Grid search{#gridsearch}

To find EMRTS (exact m/z-retention time pairs) we try are running a grid search to find the best retention time tolerance and m/z tolerance that results in the most correct one-to-one matching in the merged (already identified) data. If the identification and quantitation run are HDMS$^E$ data we could use the new 3D grid search that looks for the best matching in the retention time, m/z and ion mobility (drift time) domain to increase the accuracy. If one or both datasets are MS$^E$ data it falls back to the traditional 2D grid search.

searchGrid(synobj2,
           imdiffs=seq(from=0.6, to=1.6, by=0.2),
           ppms=seq(from=2, to=20, by=2),
           nsds=seq(from=0.5, to=5, by=0.5))
setBestGridParams(synobj2)
findEMRTs(synobj2)
plotEMRTtable(synobj2)

Fragment matching{#fragmentmatching}

For the details of the fragment matching procedure we refer to the fragment matching vignette that is available online and with vignette("fragmentmatching", package = "synapter"). Briefly we compare the fragments of the identification run with the spectra from the quantification run and remove entries where there are very few/none common peaks/fragments between them.

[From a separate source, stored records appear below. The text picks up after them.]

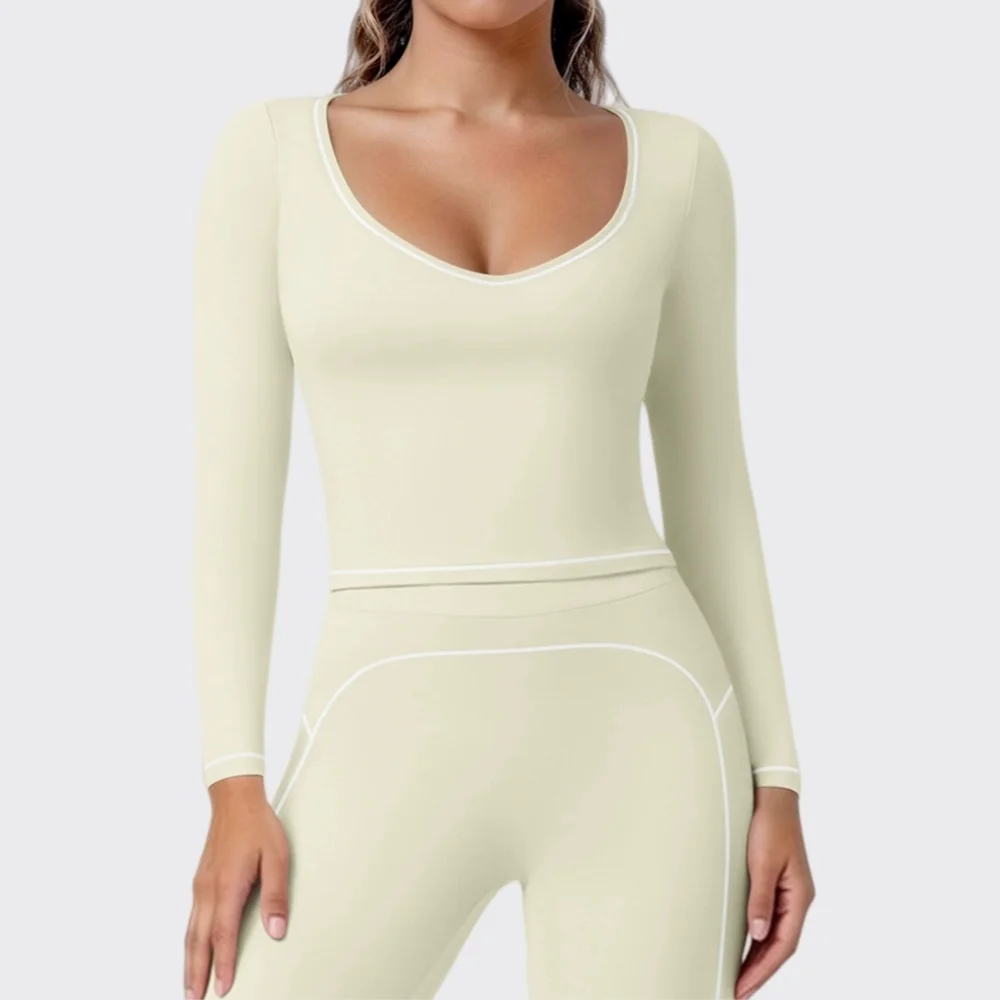 Summer Women's Yoga Shirt Long Sleeve Sportswear Gym Breathable Quick Dry Sports Top Pilates Dance Ballet Tops Slim Fit T-Shirt
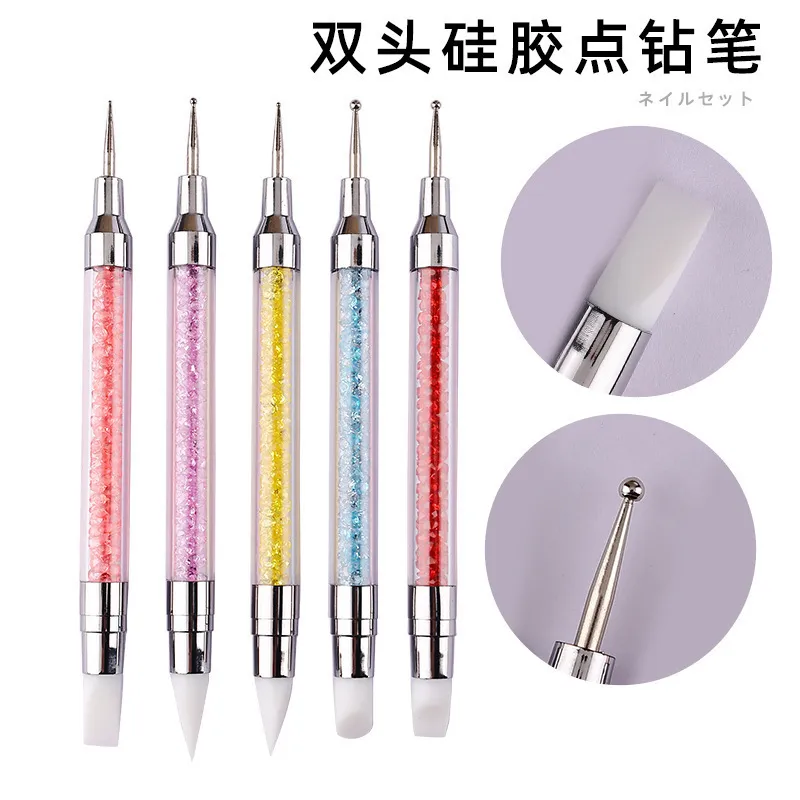 美甲双头硅胶点钻笔 多色钻杆硅胶取胶笔点钻压花笔定 制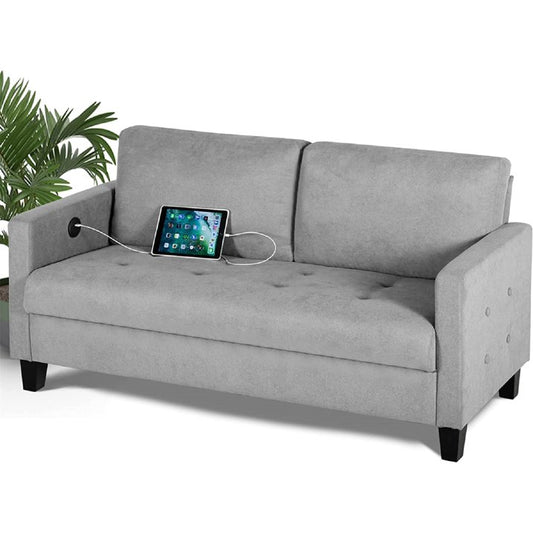 Coewske 57"W Living Room Loveseat Sofa with USB 2 Seater Tufted Deep Love Seat Couches, Light Grey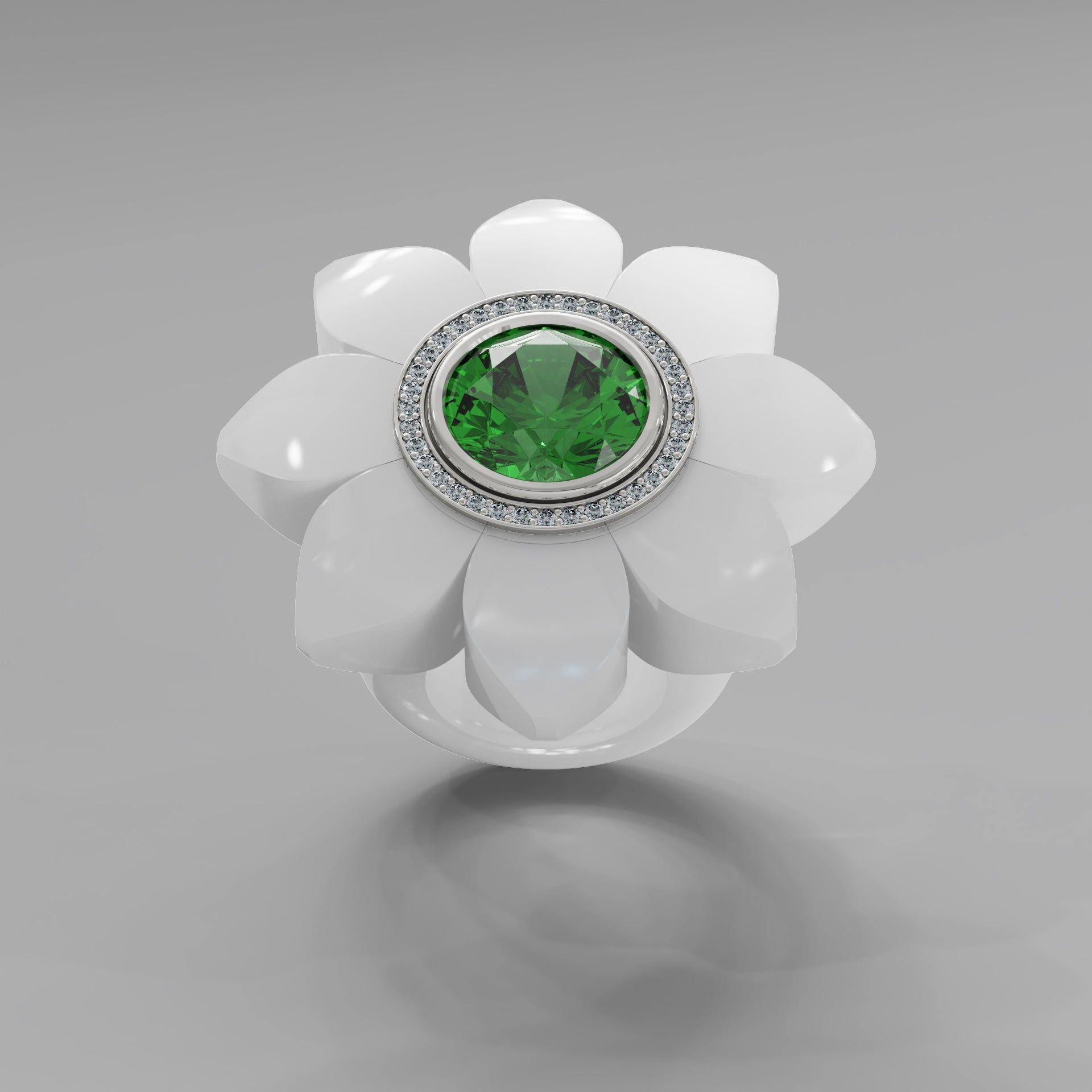 White Diamond Bespoke Bloom Ring - Mark Gold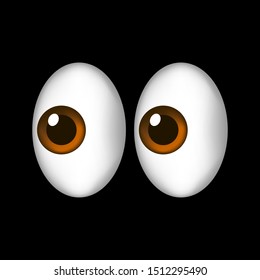 pair of cartoon eyes looking slightly to the left on a black isolated background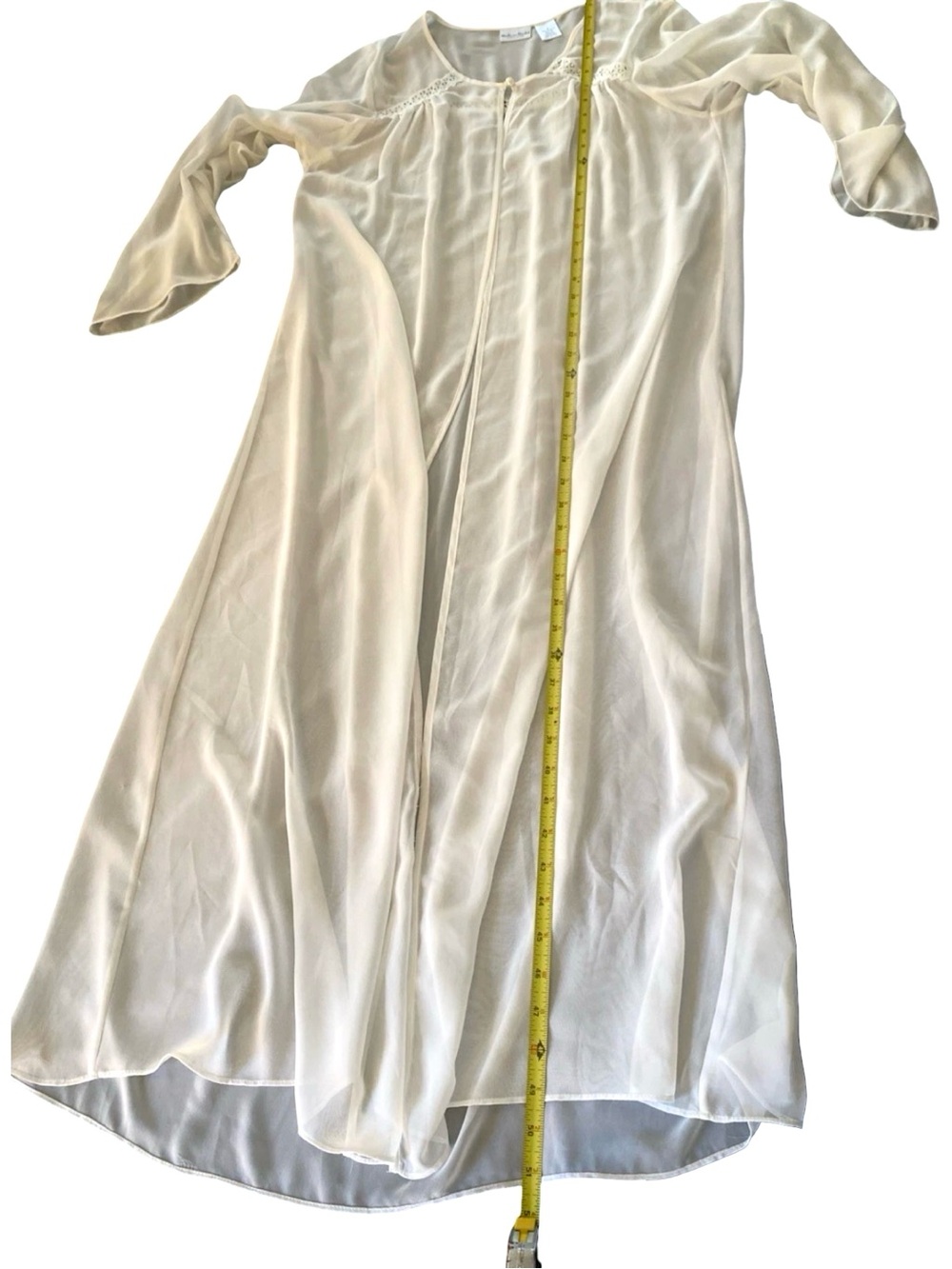Madison Studio Vintage Sheer Peignoir Robe White Size S / M - Picture 7 of 8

First we starting by removing less intense fragments and peaks.

filterFragments(synobj2,
                what="fragments.ident",
                minIntensity=70)
filterFragments(synobj2,
                what="spectra.quant",
                minIntensity=70)

Next we look for common peaks via fragmentMatching:

fragmentMatching(synobj2)

We get tables for unique and non-unique matches:

knitr::kable(fragmentMatchingPerformance(synobj2,
                                         what="unique"))
knitr::kable(fragmentMatchingPerformance(synobj2,
                                         what="non-unique"))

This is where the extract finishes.